## WORK INSTRUCTIONS
Locate the line that contains "Ingenio Renew - Pannenset", then copy it and all later lines of the data below exactly, through the last one.

^^^^^^^^^^^^^^^^

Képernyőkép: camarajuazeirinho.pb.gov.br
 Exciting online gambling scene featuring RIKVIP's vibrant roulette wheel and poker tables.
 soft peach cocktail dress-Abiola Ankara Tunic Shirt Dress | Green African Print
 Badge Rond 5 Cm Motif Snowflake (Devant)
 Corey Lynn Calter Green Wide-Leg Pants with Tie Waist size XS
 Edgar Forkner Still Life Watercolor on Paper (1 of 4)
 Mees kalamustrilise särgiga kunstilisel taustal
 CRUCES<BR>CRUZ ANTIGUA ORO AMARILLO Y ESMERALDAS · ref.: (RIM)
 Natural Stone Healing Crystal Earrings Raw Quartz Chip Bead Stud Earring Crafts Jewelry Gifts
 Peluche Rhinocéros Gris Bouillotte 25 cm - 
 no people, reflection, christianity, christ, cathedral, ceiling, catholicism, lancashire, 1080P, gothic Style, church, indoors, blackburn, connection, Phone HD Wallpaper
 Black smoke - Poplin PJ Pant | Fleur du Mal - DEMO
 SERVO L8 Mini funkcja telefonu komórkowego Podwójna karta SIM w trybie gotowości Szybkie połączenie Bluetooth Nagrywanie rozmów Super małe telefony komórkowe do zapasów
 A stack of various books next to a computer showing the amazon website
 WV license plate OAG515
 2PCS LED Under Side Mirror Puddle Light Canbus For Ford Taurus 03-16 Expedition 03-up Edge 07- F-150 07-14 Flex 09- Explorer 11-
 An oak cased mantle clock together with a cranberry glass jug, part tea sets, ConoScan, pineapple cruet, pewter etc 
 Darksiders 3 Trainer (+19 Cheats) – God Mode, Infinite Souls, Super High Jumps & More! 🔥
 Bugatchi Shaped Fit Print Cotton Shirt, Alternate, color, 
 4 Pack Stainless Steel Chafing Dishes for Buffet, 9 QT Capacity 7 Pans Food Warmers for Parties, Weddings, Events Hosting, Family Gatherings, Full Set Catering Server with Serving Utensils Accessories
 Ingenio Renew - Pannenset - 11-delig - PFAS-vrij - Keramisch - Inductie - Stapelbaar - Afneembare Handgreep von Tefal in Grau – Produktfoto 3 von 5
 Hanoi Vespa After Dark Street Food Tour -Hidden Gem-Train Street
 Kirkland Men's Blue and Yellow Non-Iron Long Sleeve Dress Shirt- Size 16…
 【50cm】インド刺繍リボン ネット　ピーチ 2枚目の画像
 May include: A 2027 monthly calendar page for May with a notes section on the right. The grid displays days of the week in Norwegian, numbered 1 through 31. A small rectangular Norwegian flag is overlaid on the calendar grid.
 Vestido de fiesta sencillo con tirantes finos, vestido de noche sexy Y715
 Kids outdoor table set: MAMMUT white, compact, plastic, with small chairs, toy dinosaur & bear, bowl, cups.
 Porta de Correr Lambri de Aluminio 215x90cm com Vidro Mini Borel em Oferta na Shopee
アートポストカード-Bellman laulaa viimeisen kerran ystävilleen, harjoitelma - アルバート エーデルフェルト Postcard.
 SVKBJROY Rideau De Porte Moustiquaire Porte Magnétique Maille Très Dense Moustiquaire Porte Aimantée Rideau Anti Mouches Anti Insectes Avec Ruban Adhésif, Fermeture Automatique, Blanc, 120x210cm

^^^^^^^^^^^^^^^^

## RESULT FOR THIS TASK
 Ingenio Renew - Pannenset - 11-delig - PFAS-vrij - Keramisch - Inductie - Stapelbaar - Afneembare Handgreep von Tefal in Grau – Produktfoto 3 von 5
 Hanoi Vespa After Dark Street Food Tour -Hidden Gem-Train Street
 Kirkland Men's Blue and Yellow Non-Iron Long Sleeve Dress Shirt- Size 16…
 【50cm】インド刺繍リボン ネット　ピーチ 2枚目の画像
 May include: A 2027 monthly calendar page for May with a notes section on the right. The grid displays days of the week in Norwegian, numbered 1 through 31. A small rectangular Norwegian flag is overlaid on the calendar grid.
 Vestido de fiesta sencillo con tirantes finos, vestido de noche sexy Y715
 Kids outdoor table set: MAMMUT white, compact, plastic, with small chairs, toy dinosaur & bear, bowl, cups.
 Porta de Correr Lambri de Aluminio 215x90cm com Vidro Mini Borel em Oferta na Shopee
アートポストカード-Bellman laulaa viimeisen kerran ystävilleen, harjoitelma - アルバート エーデルフェルト Postcard.
 SVKBJROY Rideau De Porte Moustiquaire Porte Magnétique Maille Très Dense Moustiquaire Porte Aimantée Rideau Anti Mouches Anti Insectes Avec Ruban Adhésif, Fermeture Automatique, Blanc, 120x210cm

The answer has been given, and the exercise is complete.